Затруднение, которые испытывает каждый, пытаясь как-то очертить и определить сделанное в литературе Лидией Яковлевной Гинзбург, понятен и мне. Сказать о предмете, которой посвящены ее книги – психологическая проза, русская лирика и так далее, значит не сказать почти ничего. Так в советское время было принято подразделять писателей на маринистов, деревенщиков, фронтовиков – пустое занятие. Мысль ее послана гораздо дальше, как у любого настоящего писателя. При этом Гинзбург владеет инструментами всех доступных ей гуманитарных наук. К ней, как и к Розанову, трудно подобрать определение: историк, литературовед, социолог, философ, бытописатель, мемуарист, критик, культуролог, психолог, публицист? Дело не в предмете, а именно в этой инструментированности, в синтезе средств и целей. Тут можно вспомнить автора иконологического метода в искусствознании Панофского, который утверждал, что «если историк хочет понять внутреннее единство каждой эпохи, он должен пытаться открыть аналогии между такими внешне различными явлениями, как искусство, литература, философия, социальные и политические течения, религиозные движения и т. д.». До ХХ века, правда, не в академическом, а так скажем, в дилетантском или прикладном варианте (основными инструментами являлись все же интуиция и воображение) это было присуще, действительно, только художественной прозе.
Отсюда и наша растерянность, вызванная отнюдь не только терминологическим педантизмом. Это проблема не столько жанровая, сколько философская. Работы Гинзбург оказали и будут оказывать мощное влияние на науку о литературе, человеке и обществе. Они еще больше приблизили нас к тайне искусства, к тайне человека и человеческого поведения, показали истоки его, лежащие в культуре. Но показали и предел этого проникновение, за которым открылось поле действия уже исключительно искусства.
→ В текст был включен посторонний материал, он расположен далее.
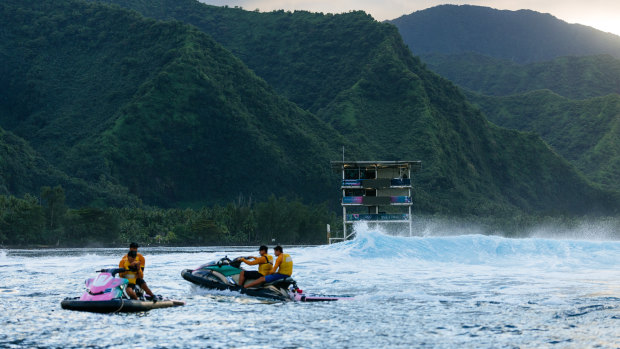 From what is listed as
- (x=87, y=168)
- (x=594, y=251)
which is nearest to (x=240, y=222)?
(x=87, y=168)

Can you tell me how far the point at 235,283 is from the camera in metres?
31.9

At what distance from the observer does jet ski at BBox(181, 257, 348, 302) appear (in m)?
30.7

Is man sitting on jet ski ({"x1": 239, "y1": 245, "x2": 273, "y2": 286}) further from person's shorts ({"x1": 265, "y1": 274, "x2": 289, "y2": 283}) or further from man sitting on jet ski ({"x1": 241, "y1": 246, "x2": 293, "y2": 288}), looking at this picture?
person's shorts ({"x1": 265, "y1": 274, "x2": 289, "y2": 283})

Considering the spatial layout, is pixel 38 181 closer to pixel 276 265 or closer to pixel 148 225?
pixel 148 225

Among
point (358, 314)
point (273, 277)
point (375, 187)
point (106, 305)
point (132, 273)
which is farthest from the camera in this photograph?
point (375, 187)

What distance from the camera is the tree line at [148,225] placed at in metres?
137

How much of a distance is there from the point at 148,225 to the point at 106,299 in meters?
143

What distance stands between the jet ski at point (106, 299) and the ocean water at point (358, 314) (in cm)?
37

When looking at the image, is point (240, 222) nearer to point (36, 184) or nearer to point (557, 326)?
point (36, 184)

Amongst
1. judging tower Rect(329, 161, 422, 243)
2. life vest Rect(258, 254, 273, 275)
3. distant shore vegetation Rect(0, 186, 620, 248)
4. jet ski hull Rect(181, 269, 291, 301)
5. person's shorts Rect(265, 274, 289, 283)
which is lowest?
distant shore vegetation Rect(0, 186, 620, 248)

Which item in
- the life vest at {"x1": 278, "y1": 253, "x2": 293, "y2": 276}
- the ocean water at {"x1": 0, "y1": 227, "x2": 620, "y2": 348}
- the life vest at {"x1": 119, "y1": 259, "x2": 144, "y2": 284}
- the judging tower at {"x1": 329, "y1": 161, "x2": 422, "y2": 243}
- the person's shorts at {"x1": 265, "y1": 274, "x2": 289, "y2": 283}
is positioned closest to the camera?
the ocean water at {"x1": 0, "y1": 227, "x2": 620, "y2": 348}

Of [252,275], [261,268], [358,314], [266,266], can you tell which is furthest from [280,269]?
[358,314]

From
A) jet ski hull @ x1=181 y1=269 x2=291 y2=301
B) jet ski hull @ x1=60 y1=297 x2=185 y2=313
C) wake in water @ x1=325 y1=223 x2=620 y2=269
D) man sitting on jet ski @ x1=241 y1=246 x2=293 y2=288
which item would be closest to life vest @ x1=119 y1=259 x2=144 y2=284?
jet ski hull @ x1=60 y1=297 x2=185 y2=313

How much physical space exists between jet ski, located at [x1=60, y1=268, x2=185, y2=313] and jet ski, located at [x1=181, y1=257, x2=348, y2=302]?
18.4 feet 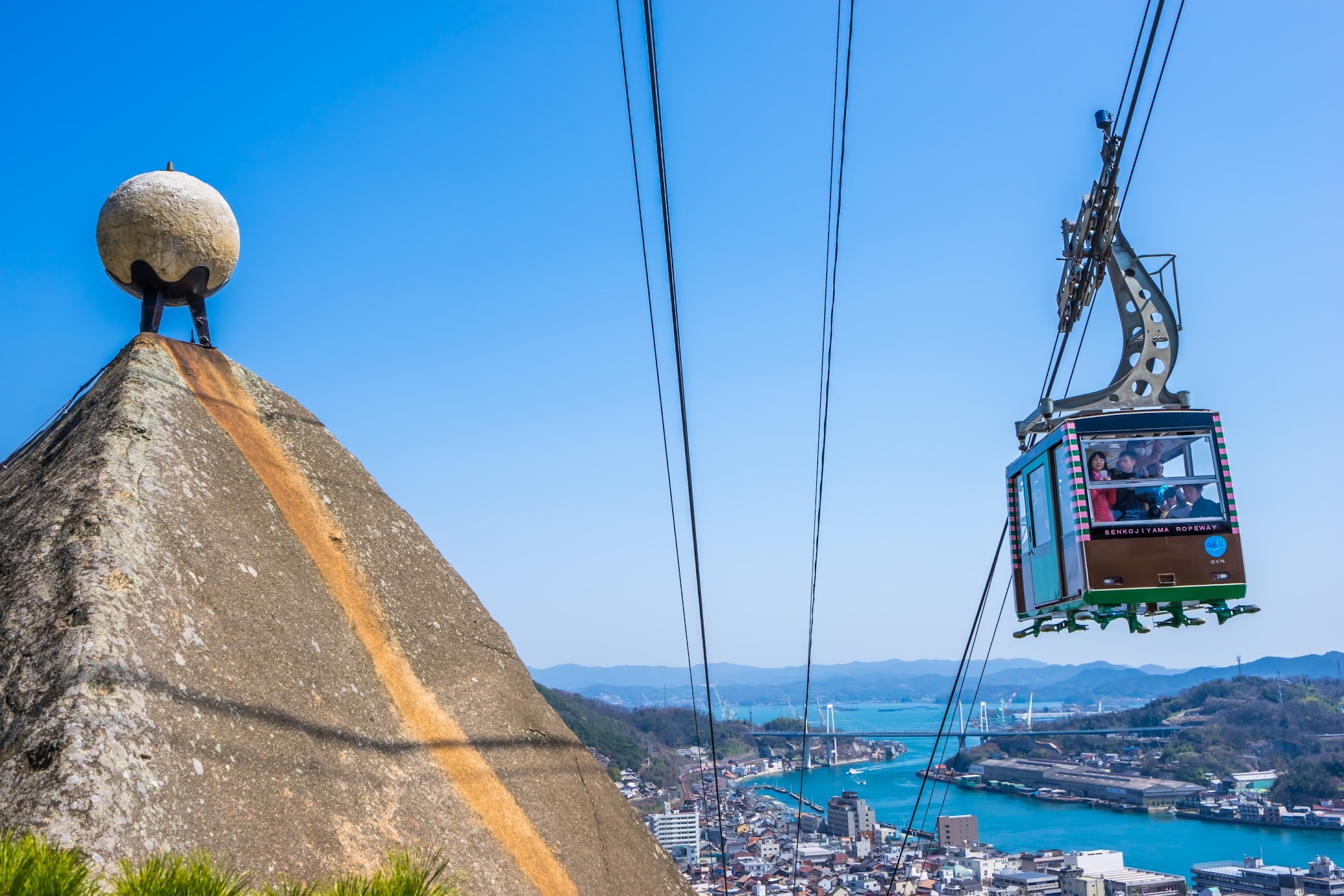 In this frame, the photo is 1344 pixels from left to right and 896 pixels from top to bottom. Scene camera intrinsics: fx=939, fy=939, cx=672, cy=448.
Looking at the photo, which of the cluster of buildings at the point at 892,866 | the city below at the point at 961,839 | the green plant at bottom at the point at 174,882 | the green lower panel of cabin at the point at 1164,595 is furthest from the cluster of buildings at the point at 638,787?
the green plant at bottom at the point at 174,882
Лидия Яковлевна знала этот предел и сознательно за него не переходила и в дневниковых записях и в анализе текста, отвращаемая запахом шарлатанства или же сумасшествия.
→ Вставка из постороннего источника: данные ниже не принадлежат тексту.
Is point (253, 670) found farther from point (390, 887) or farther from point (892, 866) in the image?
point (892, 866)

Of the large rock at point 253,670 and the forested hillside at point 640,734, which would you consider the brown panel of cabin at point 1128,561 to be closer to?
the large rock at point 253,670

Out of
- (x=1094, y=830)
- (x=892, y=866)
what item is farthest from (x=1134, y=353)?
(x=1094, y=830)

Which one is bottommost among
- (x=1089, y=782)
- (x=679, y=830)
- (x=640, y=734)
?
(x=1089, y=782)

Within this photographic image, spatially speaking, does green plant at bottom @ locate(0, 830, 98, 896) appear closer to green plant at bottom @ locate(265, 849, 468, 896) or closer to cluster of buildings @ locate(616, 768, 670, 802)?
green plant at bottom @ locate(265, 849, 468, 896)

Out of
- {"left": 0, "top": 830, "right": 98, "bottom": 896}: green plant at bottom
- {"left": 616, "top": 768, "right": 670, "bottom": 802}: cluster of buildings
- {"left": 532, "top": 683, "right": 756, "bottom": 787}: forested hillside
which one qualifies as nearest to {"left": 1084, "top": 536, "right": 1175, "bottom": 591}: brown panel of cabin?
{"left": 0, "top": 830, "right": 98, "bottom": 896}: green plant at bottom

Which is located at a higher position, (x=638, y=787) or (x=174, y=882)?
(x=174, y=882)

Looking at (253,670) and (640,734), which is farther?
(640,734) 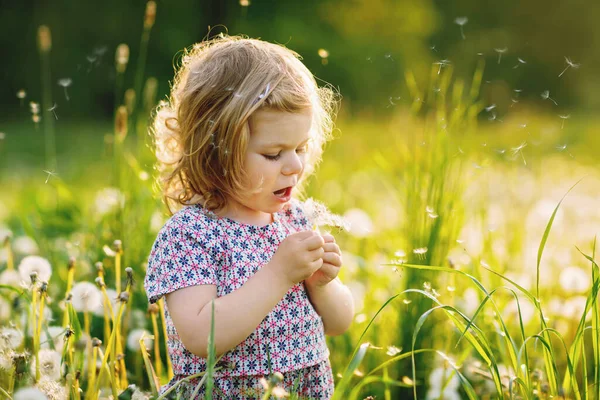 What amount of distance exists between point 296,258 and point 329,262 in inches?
5.9

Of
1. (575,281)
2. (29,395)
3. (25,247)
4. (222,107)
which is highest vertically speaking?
(222,107)

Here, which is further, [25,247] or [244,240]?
[25,247]

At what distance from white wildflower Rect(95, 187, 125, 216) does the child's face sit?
42.3 inches

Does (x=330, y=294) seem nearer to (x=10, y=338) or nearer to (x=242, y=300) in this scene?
(x=242, y=300)

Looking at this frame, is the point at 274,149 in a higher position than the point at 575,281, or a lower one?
higher

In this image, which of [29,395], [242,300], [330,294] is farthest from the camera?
[330,294]

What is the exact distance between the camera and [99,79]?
54.0 feet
Она еще в юности сделала выбор, а всякий выбор, понятно, накладывает и определенные ограничения. Ей был чужд складывающийся на ее глазах и унаследованный от русской литературы «тип интеллигента с надрывом (душевные глубины, крайняя автопсихологическая заинтересованность, перебои психического аппарата, которые сразу эстетизируются)…» Характеристика, как всегда у Лидии Гинзбург, точная и убийственная. Хотя, если отрешиться от оценочного момента, мы найдем произведения замечательные, может быть, гениальные, которые этой характеристике соответствуют. Но выбор сделан. И не только личный, но исторический (у Гинзбург это непременно так): «этот унаследованный склад оказался решительно не к истории».
Безупречность, завершенность наблюдений и характеристик Гинзбург мешает порой увидеть их историческую и биографическую подоплеку. А она, несомненно, была. Так очерчивались границы ее притязаний в собственном словесном творчестве, так определялся круг ее научных интересов.
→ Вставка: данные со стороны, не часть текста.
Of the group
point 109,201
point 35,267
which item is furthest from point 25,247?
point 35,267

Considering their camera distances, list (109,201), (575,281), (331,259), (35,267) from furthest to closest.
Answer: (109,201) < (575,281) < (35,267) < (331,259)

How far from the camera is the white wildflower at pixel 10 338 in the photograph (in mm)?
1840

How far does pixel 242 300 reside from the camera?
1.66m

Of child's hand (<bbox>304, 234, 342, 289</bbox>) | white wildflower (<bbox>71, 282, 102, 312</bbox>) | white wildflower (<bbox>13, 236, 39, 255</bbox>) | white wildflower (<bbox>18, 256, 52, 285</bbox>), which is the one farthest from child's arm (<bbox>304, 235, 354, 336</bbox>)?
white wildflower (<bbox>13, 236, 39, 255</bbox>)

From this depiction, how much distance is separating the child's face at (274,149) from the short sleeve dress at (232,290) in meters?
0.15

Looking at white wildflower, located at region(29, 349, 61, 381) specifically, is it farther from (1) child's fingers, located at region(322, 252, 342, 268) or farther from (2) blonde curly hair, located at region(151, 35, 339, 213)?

Поэтому был материал в литературе, который не давался ей как аналитику. К таким я отношу прозу и поэзию Мандельштама. Гинзбург очень на многое в творчестве Мандельштама точно указала, но проникнуть по-настоящему как исследователь не смогла. Чувственное тепло вещей, инфантильность, при всем-то классицизме, домашность, эстетическую игрушечность, портативность образов и неразъемность метафор. Она предупреждает, что тесную ассоциативность мандельштамовских стихов не следует смешивать с заумной нерасчлененностью. И это, разумеется, справедливо. Но при этом, используя формулу Блока «слова-острия», пытается объяснить мандельштамовскую поэтику, и материал незаметно обезличивается, рассыпается. Такие стихи мог писать и Блок, и Пастернак, собственно, от Мандельштама в них остаются темы, культурные ориентиры, биографические мотивы, внетекстовые ассоциации, вроде цветаевской шубки (у Блока тоже, кстати, была строка о шубке: «Звонят над шубкой меховою…», и шубка была Любина, но что это объясняет в поэтике одного и другого?).
А что делать с «колтуном пространства», с «комариным князем», с «белым керосином», с «картавыми ножницами» и с многим другим, что никто, кроме Мандельштама, написать не мог. Гинзбург говорит, что у Мандельштама есть непонятные стихи, хотя их и не так много. Но вопрос: почему и непонятные стихи действуют на нас, как будто мы их все же понимаем, но как бы сквозь смысл, помимоего? Иллюзия рационального объяснения только запутывает дело и множит вопросы.